**INPUT FOR THIS TASK**
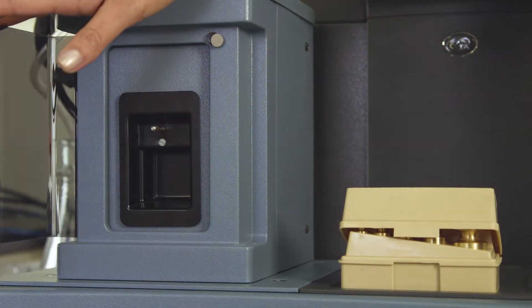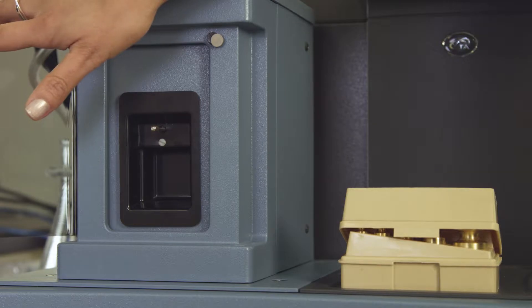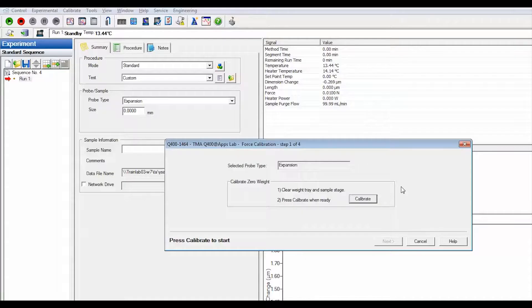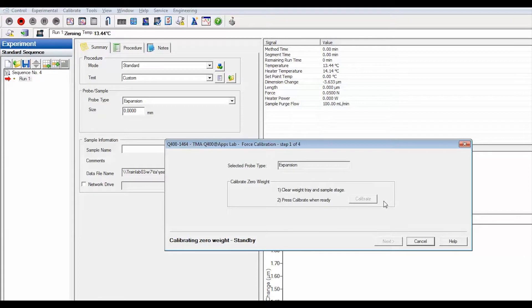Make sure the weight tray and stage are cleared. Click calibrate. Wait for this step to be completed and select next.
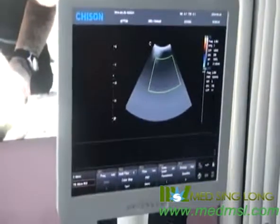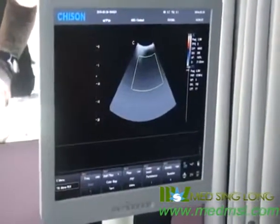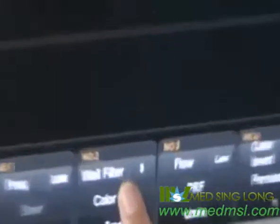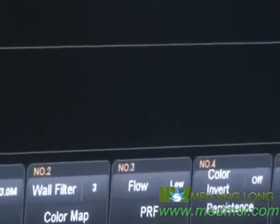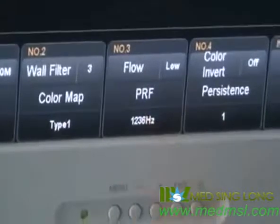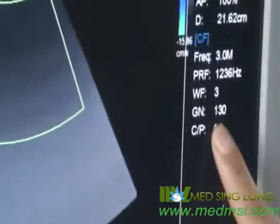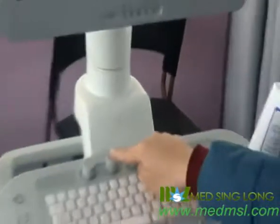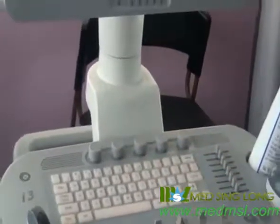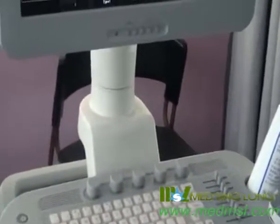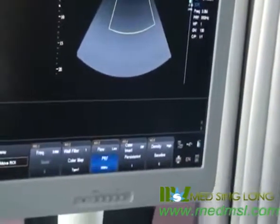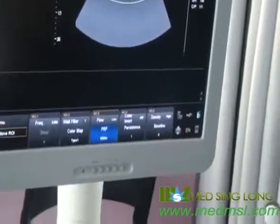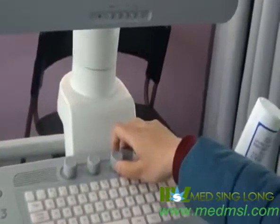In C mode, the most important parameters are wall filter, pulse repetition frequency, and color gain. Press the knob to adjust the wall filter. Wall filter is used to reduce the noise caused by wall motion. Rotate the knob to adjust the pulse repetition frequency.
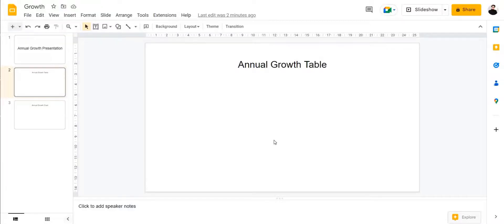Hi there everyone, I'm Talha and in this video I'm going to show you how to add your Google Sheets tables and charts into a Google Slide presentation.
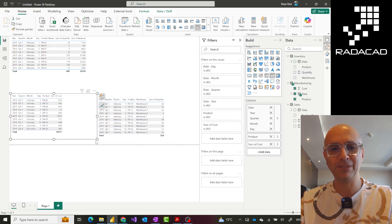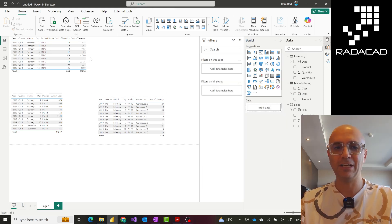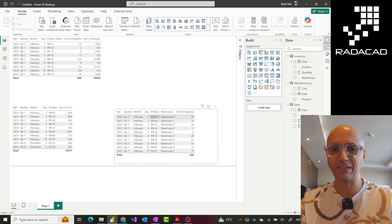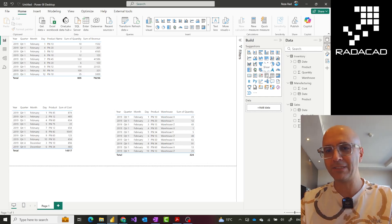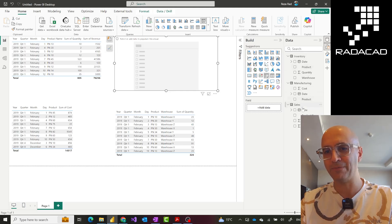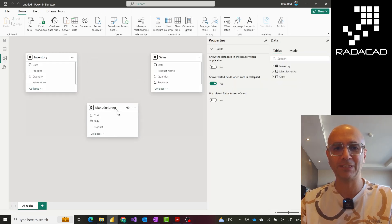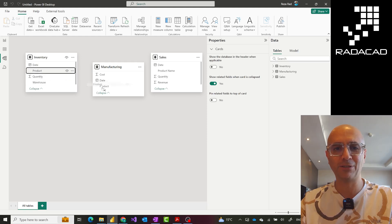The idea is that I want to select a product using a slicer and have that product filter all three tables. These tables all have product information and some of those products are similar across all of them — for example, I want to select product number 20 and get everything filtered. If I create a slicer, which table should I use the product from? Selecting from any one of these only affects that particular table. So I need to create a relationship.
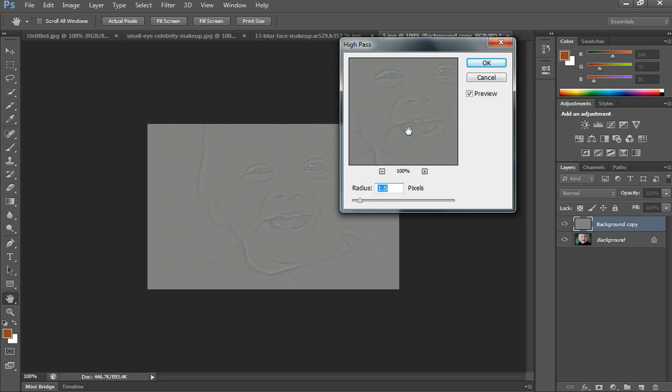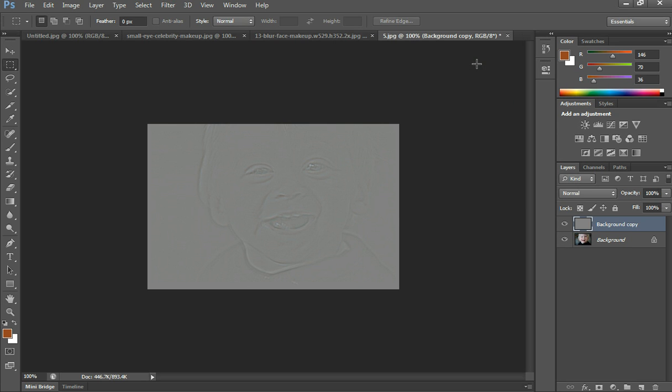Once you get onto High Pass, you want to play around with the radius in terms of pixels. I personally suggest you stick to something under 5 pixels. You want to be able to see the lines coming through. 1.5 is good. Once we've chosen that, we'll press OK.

* * *

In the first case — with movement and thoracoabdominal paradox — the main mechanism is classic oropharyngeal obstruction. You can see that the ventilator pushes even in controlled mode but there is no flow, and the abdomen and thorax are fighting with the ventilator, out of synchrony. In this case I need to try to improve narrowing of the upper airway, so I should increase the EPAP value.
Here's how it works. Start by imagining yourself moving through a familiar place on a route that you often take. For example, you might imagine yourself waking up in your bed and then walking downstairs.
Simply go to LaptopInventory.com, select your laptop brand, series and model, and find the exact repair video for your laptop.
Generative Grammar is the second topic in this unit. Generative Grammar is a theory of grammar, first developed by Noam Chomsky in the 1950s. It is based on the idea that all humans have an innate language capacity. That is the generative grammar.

**INSTRUCTIONS TO FOLLOW**
Above are some records. Reproduce the lines from the one with "Make sure the" down to the one with "Hi there everyone, I'm", keeping both, and leave every picture out.

**WRITTEN SOLUTION**
Make sure the weight tray and stage are cleared. Click calibrate. Wait for this step to be completed and select next.
In C mode, the most important parameters are wall filter, pulse repetition frequency, and color gain. Press the knob to adjust the wall filter. Wall filter is used to reduce the noise caused by wall motion. Rotate the knob to adjust the pulse repetition frequency.
Hi there everyone, I'm Talha and in this video I'm going to show you how to add your Google Sheets tables and charts into a Google Slide presentation.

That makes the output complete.